The existence of structures with complete phononic band gaps has obvious applications. For instance, a phononic crystal will reflect incoming sound waves with frequencies within the gap and can therefore be used as an acoustic isolator. Moreover, the introduction of defects within the structure allows sound waves with frequencies in the band gap to be trapped near a point-like defect (figure 2), or guided along linear defects.

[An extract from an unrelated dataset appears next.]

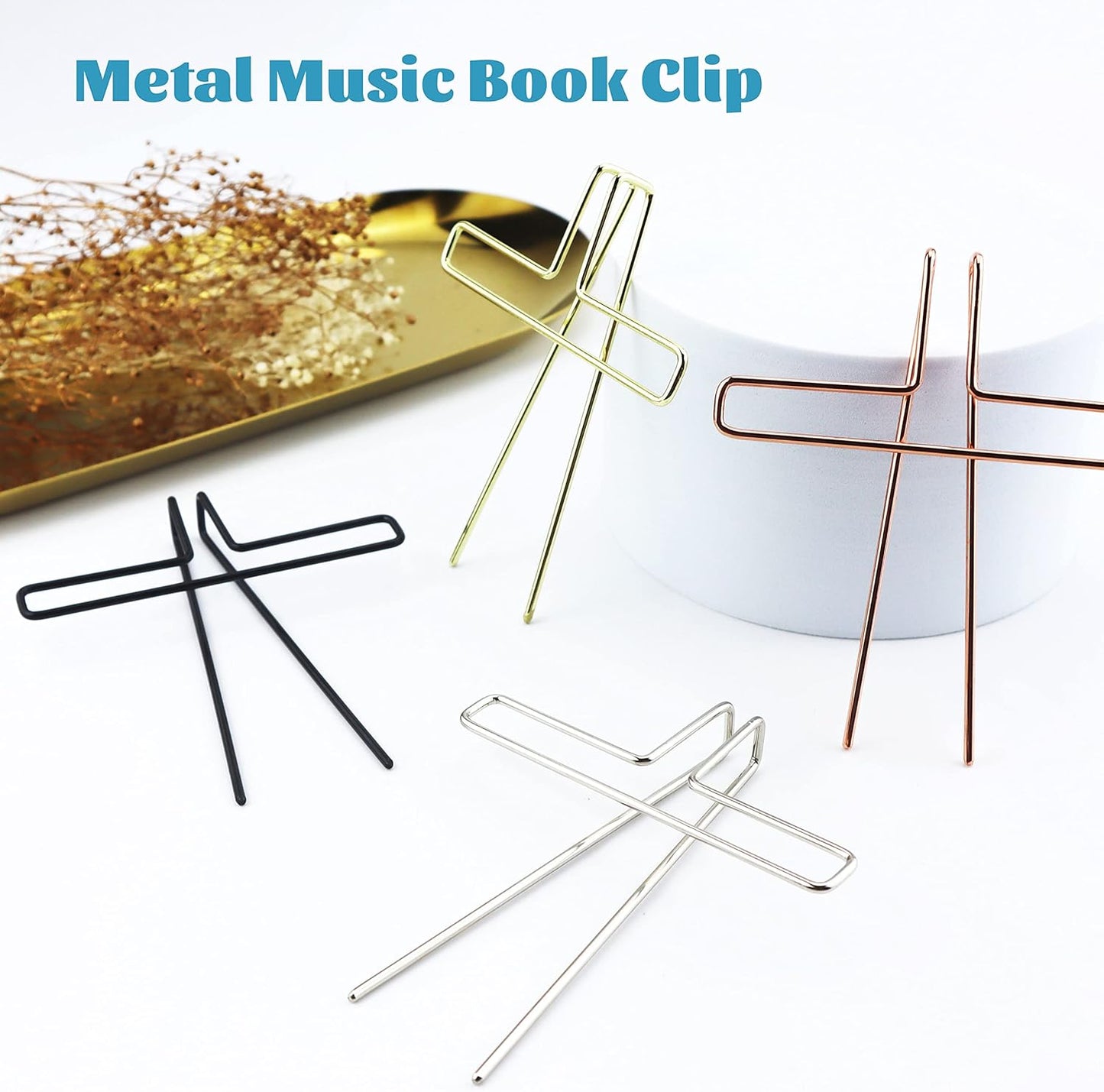 Music Book Metal Clip Pack of 4 Book Page Holder for Reading, 4 Colors Book Opener Piano Sheet Book Accessories Portable Book Open Holder for Book Lovers (Rose Gold, Black, Gold, Silver)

Phononic crystals and sound

Sound manipulation is perhaps the most obvious application of phononic crystals. Sound is immensely valuable in our daily lives for communication, information transfer or simply for its aesthetic value as exhibited in music and rhythms. For human hearing, sound is basically made up of acoustic waves with frequencies roughly between 20 Hz and 20 kHz, or wavelengths ranging from metres to several tens of centimetres. Therefore, if we assemble periodic structures with lattice constants in this range, we can expect them to inhibit sound and act as sonic mirrors.

A great illustration of the sonic properties of a periodic structure was provided by Francisco Meseguer and co-workers at the Materials Science Institute of Madrid in 1995 when they studied the acoustic characteristics of a kinematic sculpture by Eusebio Sempere (figure 3). This minimalist sculpture consists of a periodic square array of hollow steel cylinders.

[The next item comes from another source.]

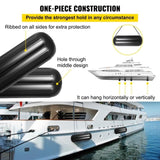 Boat Fenders, 10" x 28" Ribbed Fender, 4 Pack Bumpers, Hole Through Middle Ribbed Inflatable V952-DNB10X28YCBHQHS01V0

In addition to being visually appealing, Meseguer and co-workers recognized that the sculpture should also possess a sonic band gap, so they measured the acoustic transmission of the sculpture as a function of frequency and direction. They found that sound travelling perpendicular to the axes of the cylinders was strongly attenuated at a frequency of 1670 Hz – a result that provided the first experimental evidence for the existence of phononic band gaps in periodic structures (Nature 378 241).

Unfortunately, a structure needs to be several metres wide to create a phononic band gap in the sonic regime. While this might not be a problem for architectural acoustics, it is impractical for many other devices such as headphones and speakers. However, if we move to the ultrasonic regime, the relevant wavelengths are much shorter, so the phononic crystals are also much smaller (from centimetres down to fractions of millimetres). This smaller length scale – combined with negative refraction, superlenses and other advances – could lead to a wide range of applications for phononic crystals.

Ultrasound, negative refraction and superlenses

One of the hottest topics in optics over the past five years has been the possibility of making “superlenses” with materials that have a negative refractive index. And just as photonic band gaps were followed by phononic band gaps, recent progress in making superlenses for electromagnetic waves has prompted efforts to make superlenses for acoustic waves.

In general it is not possible for a conventional lens to produce an image that contains details that are finer than the wavelength of the light being focused. However, superlenses made of “negative index” materials can overcome this diffraction limit. Moreover, these superlenses do not even have to be shaped like traditional lenses – a flat, thin slab of negative-index material can act as a superlens, which means that they should, in theory, be much easier to fabricate than traditional lenses.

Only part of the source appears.